##### Data below
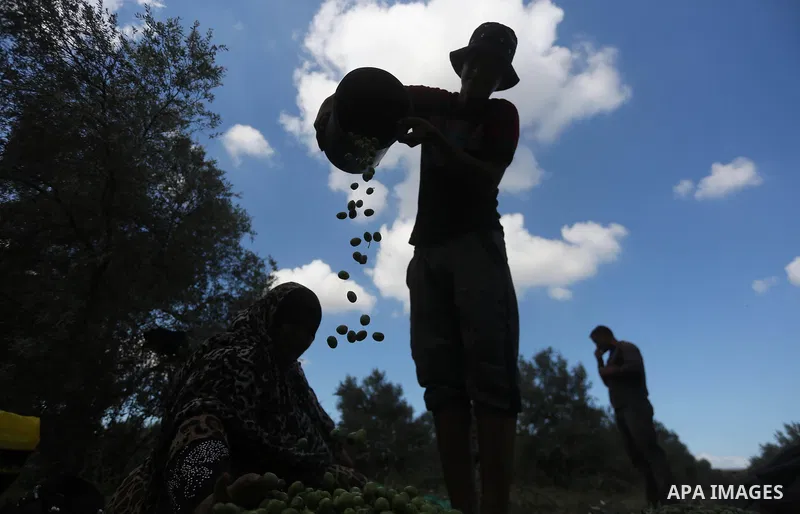 Palestinians pick olives during harvest season at a farm in the east of Gaza city, on October 11, 2017. Photo by Mohammed Asad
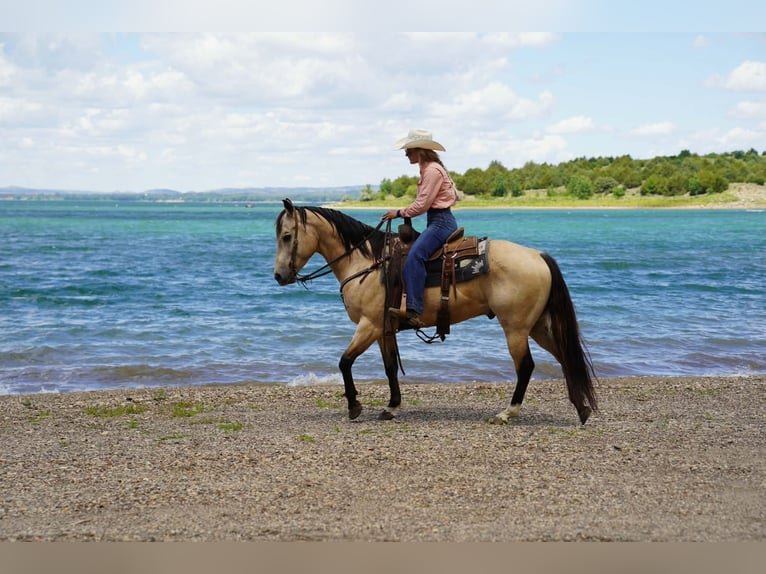 American Quarter Horse Wałach 9 lat Jelenia in Brandon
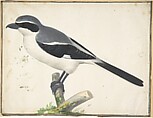 A Great Grey Shrike, Pieter Holsteyn II Dutch, Watercolor and bodycolor
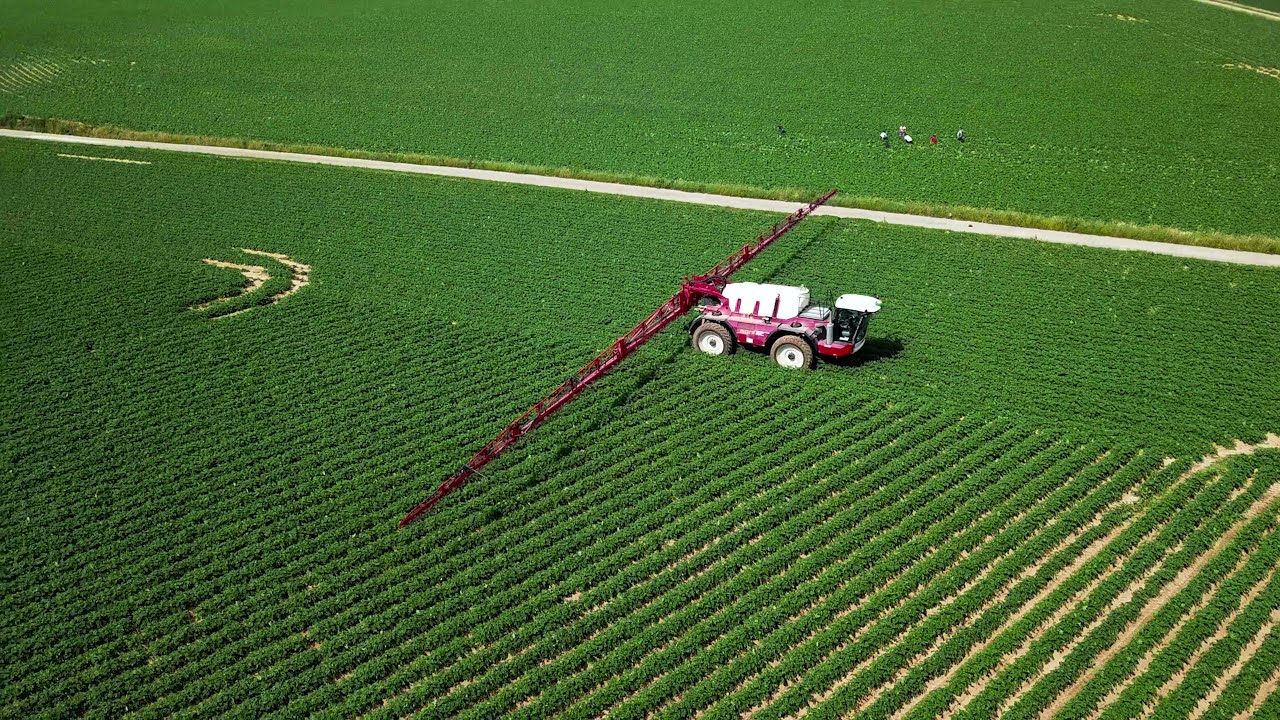 Cultures de Pommes de terre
##########
### [Task objective]
Transcribe the span of lines that runs from the line with "American Quarter Horse" to the end of the data, both ends included, exactly, with nothing else and no pictures.

### [Written answer]
 American Quarter Horse Wałach 9 lat Jelenia in Brandon
 A Great Grey Shrike, Pieter Holsteyn II Dutch, Watercolor and bodycolor
 Cultures de Pommes de terre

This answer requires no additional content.